Blight, irreparable properties, often trashed with litter and crawling with overgrown weeds, is a common sight in Memphis.

Archie Willis, president of Community Capital says these buildings, “nuisances,” pose a great threat to the safety, health, and peace of mind to the neighborhoods most affected by blight.

For this reason, hundreds of activists and other community members gathered for the second annual Memphis Blight Elimination Summit on Wednesday, May 17, at the Clayborn Temple, a place Steve Barlow, facilitator of the City of Memphis’ Blight Elimination Steering Team, says is poignant considering the purpose of the event.


The summit, presented by the Memphis Urban Land Institute, Neighborhood Preservation Inc., and others, was designed to recognize the efforts made by individuals and groups in the city to end blight, as well as, the goals and objectives for reducing blight in the future.

He told those there that much progress has been made in eliminating blight in the city since the first summit last year, but before moving forward there are legal and systematic challenges, holding the community back, that must be addressed.

“We’re here today to encourage you,” Barlow said. “We’ve come a long way, but we have a long way to go.”

The goal, Barlow says, is to have all of the legal and systematic barriers, including any policies or programs that stymie eliminating blight removed by 2020.

Memphis’ mayor Jim Strickland says the government does not have the resources to tackle blight on its own, however the City is currently trying to fight blight in ways that are obvious and some not so obvious.

Two of the obvious ways the City works to eliminate blight, says Mayor Strickland, is first working with property owners and the court system to remedy conditions that lead to blight and second demolishing buildings that can’t be rehabilitated for a productive use.

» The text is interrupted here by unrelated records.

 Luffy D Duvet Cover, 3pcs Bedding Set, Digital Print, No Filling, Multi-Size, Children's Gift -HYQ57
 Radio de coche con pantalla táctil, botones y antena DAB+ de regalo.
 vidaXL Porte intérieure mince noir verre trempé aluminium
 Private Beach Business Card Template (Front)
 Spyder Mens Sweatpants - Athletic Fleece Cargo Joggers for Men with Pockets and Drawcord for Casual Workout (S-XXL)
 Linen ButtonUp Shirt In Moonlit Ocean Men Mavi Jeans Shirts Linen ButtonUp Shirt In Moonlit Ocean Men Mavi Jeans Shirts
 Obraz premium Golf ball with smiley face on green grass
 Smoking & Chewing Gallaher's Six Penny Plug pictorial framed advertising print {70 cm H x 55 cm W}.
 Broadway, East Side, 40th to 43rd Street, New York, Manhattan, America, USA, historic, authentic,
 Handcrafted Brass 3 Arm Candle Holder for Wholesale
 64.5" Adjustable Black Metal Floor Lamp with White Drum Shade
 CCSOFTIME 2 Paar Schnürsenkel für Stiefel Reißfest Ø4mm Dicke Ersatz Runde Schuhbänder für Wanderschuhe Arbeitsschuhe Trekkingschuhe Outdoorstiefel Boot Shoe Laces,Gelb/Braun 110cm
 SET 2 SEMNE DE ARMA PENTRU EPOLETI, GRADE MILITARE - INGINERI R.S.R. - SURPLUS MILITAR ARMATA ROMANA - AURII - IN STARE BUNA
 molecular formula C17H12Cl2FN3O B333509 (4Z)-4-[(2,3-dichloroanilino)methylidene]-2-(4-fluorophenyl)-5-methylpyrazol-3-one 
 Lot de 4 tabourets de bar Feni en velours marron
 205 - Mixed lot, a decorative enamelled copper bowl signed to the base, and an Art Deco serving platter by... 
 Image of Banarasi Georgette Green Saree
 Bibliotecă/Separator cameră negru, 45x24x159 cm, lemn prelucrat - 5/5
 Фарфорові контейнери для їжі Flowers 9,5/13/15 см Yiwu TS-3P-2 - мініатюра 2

Internally, the mayor says they are creating ways to measure the state of neighborhoods more often.

“We try to build broad-based prosperity that prevents blight from forming in the first place,” said Mayor Strickland. “And that will give us the resources to act swiftly when it does.”

The mayor attributes the city’s blight to its decreasing population and the large number of people moving out— over 100,000 between 1980 and 2011.

“That’s how we got into this situation in the first place,” said Mayor Strickland.”Our city, quite frankly, has lost population each and every year for the past 40 years.”

He believes growing the city’s population, bringing people back into the city, and creating demand for these vacant, abandoned properties, is the key to fighting blight.